While researching what all the other applications were doing with Surface Dial, these are the ideas that popped into my head. Feel free to share your Visio-related Surface Dial ideas in the comments below!
- Control the volume of Spotify while you work on your Visio diagrams (KIDDING! I say, that’s a joke, son!)
- Scroll, pan, and zoom, of course!
- Undo/Redo – sometimes you are doing intense, nit-picky, repetitive editing where you make lots of mistakes. Having your hand on the dial for a quick undo might be really useful in this scenario.
- Quickly flip through themes without having to expand the Themes drop-down gallery every time.
- Rotation: shapes, guides, pages (whatever happened to Visio’s rotate page feature!?)
- Tracing out property lines and building borders. Imagine clicking the dial to “get a new wall segment”, then rotating it to the proper angle. You could march around a room, or a building or a property site and quickly create an outline.
- Adjustment of text around the Text on a Circle Visio SmartShape. This brings up an interesting question as to how you could hook the dial into certain radially-oriented control handles. This is different than rotation, this is adjusting the positions of stuff around a circle.
- Switching through visible layers. Haven’t fully thought this out yet.
- Quickly flip through Scenarios. Scenarios aren’t an actual Visio feature, but I can imagine developing an add-in that helps users to save named-sets of scenarios. Each scenario would specify zoom levels and viewport, layers that are visible, colors of layers, applied datagraphics, applied themes, linked data-related options, and more. Using the Dial to flip through these scenarios could be invaluable in comparing different sets of data, or working quickly with a complex drawing.
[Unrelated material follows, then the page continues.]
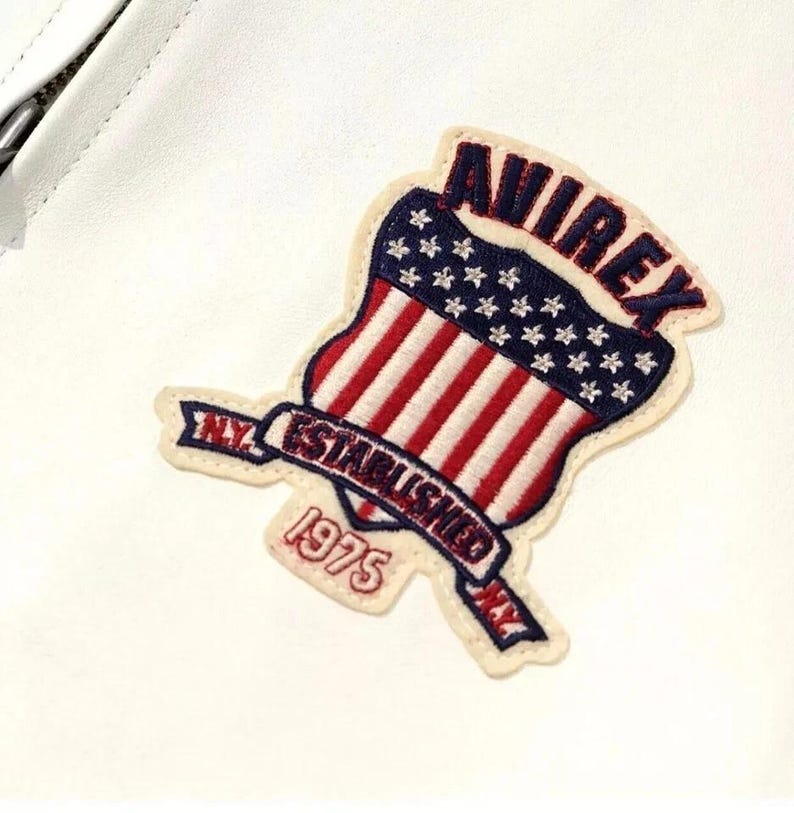May include: Embroidered patch featuring a shield design with red and white stripes and a blue field of stars. The patch reads "AVIREX" and "ESTABLISHED 1975" with "N.Y." on the banner. The patch is on a white background.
- Flipping between modes. For example, when I develop a complex template for customers, I usually implement a “Developer Mode” where shape sizes and positions are unlocked, subshapes can be selected, layers are not locked, double-clicking opens up group windows, and some other goodies.
- Being smart about what the dial does. Different menus and functions depending on which type of Visio window is active, whether or not a shape (or shapes) are selected, even the type of drawing that is currently active (flowchart functions different than space plan functions…)
One last question I have for you is: do/would Visio users don’t really need a Surface Studio? Microsoft is clearly aiming it at artistic usage. If you’ve seen some of the schematic diagrams that d-tools SI and faciplan users produce, you might argue that a huge screen with some fancy dial support might be really useful from a Visio standpoint!
If Microsoft doesn’t do anything Earth-shaking for Visio, then maybe some of could (should)!
Personally, the most intriguing aspect of the new device is the potential for developing custom uses for it. Being a huge Visio nerd, I’m already wondering if I can get it to do crazy, useful things depending on what Visio context I happen to be in, or even the document type I am working on.
I managed to find a few geek-related links:
Surface Dial Interactions is a nice overview for both UI designers and programmers. It discusses the types interactions the Dial offers, UI guidelines, the events that your code can respond to, provides some XAML code samples, and provides links to detailed API information.
Deeper down, you might find RadialController Class interesting from a much more technical standpoint. It digs deeper into properties, methods and events you’ll need to get your software working with the Dial.
A lot of apps will provide basic, obvious support for the Dial, but I found this creative, nerdy adaptation quite interesting: Surface Dial as a Debugging Tool.
One last thought before I wrap this baby up. What about using the Surface Dial with your FEET!?